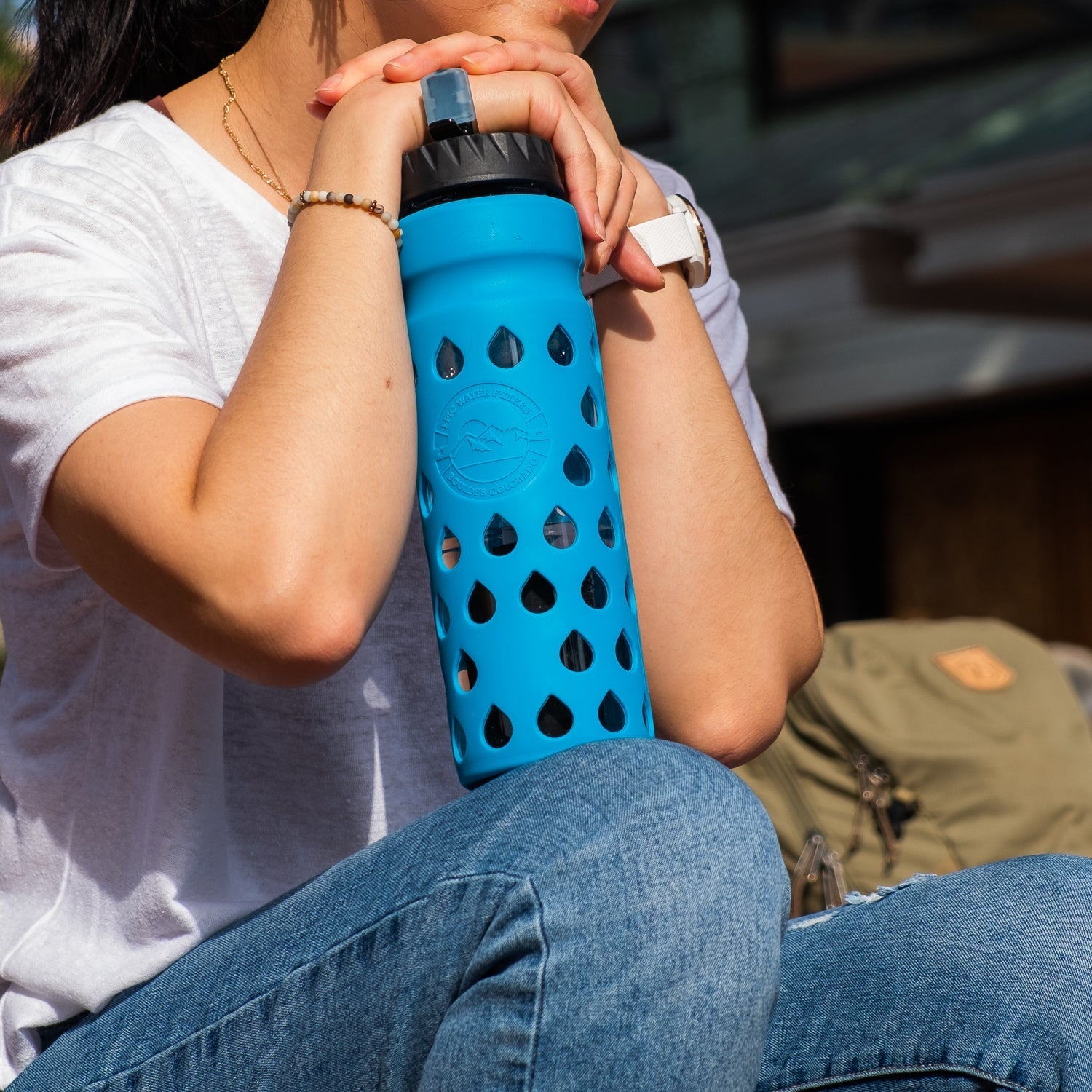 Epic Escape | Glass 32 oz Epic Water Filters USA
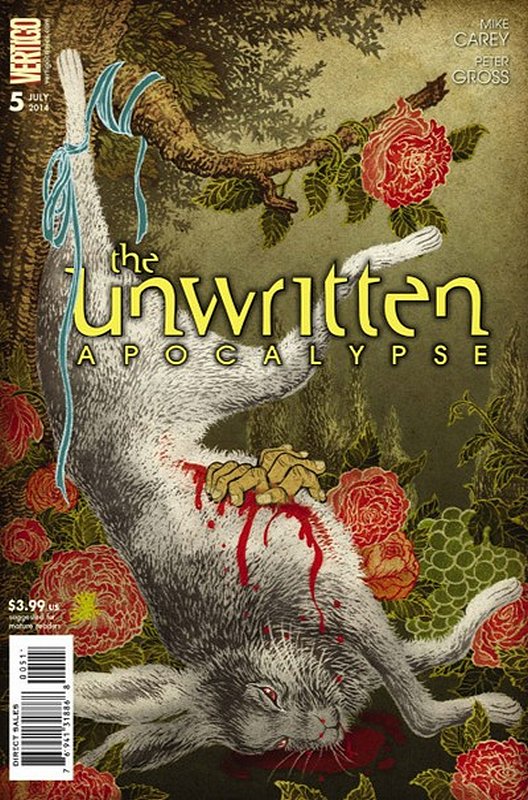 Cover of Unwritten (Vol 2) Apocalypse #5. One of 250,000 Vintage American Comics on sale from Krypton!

----

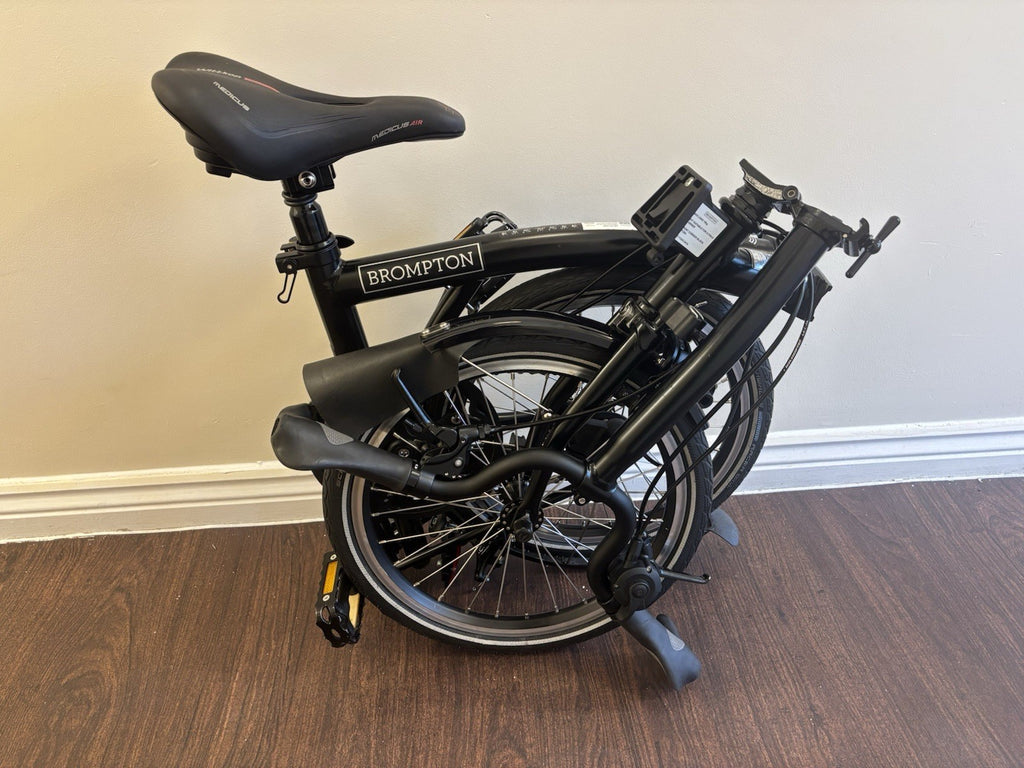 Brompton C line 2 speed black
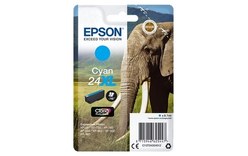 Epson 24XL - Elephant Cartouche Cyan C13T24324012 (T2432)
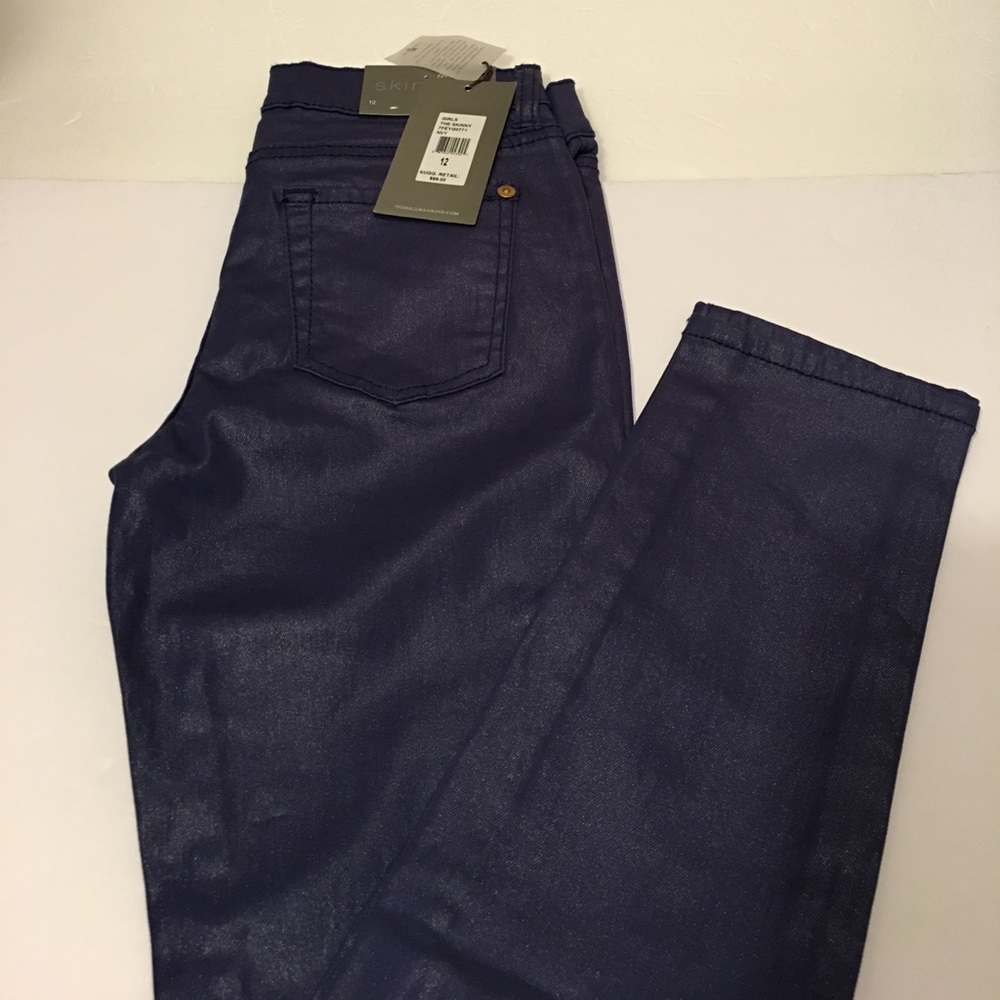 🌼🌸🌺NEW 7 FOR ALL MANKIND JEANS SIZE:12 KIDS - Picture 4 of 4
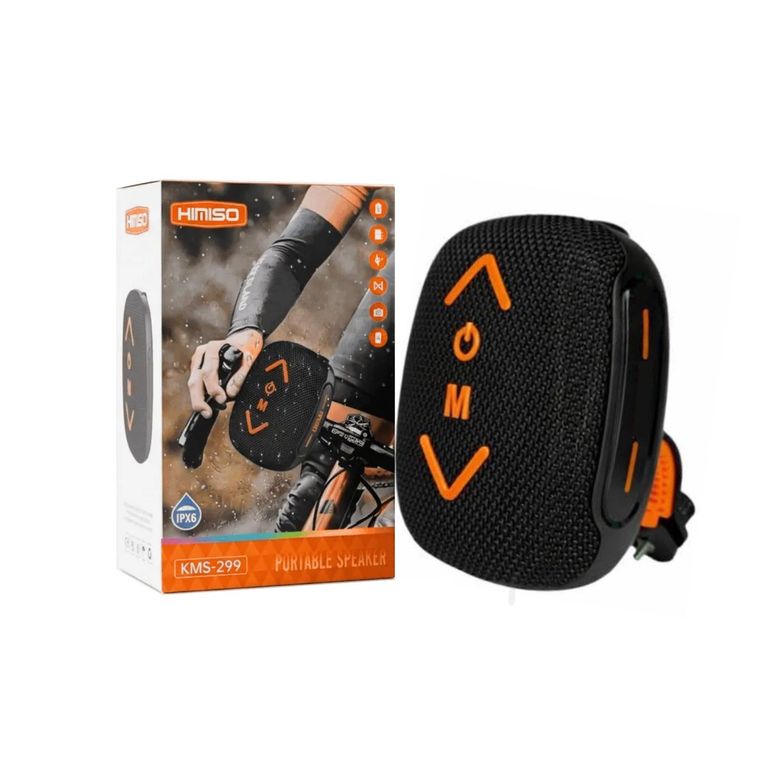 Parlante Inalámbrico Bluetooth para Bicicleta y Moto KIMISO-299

----

*INSTRUCTIONS TO FOLLOW:* Would you restate, exactly and with no pictures, the lines of the entries above from the one containing "Epic Escape |" through the one containing "Cover of Unwritten"?

*TASK ANSWER:*
 Epic Escape | Glass 32 oz Epic Water Filters USA
 Cover of Unwritten (Vol 2) Apocalypse #5. One of 250,000 Vintage American Comics on sale from Krypton!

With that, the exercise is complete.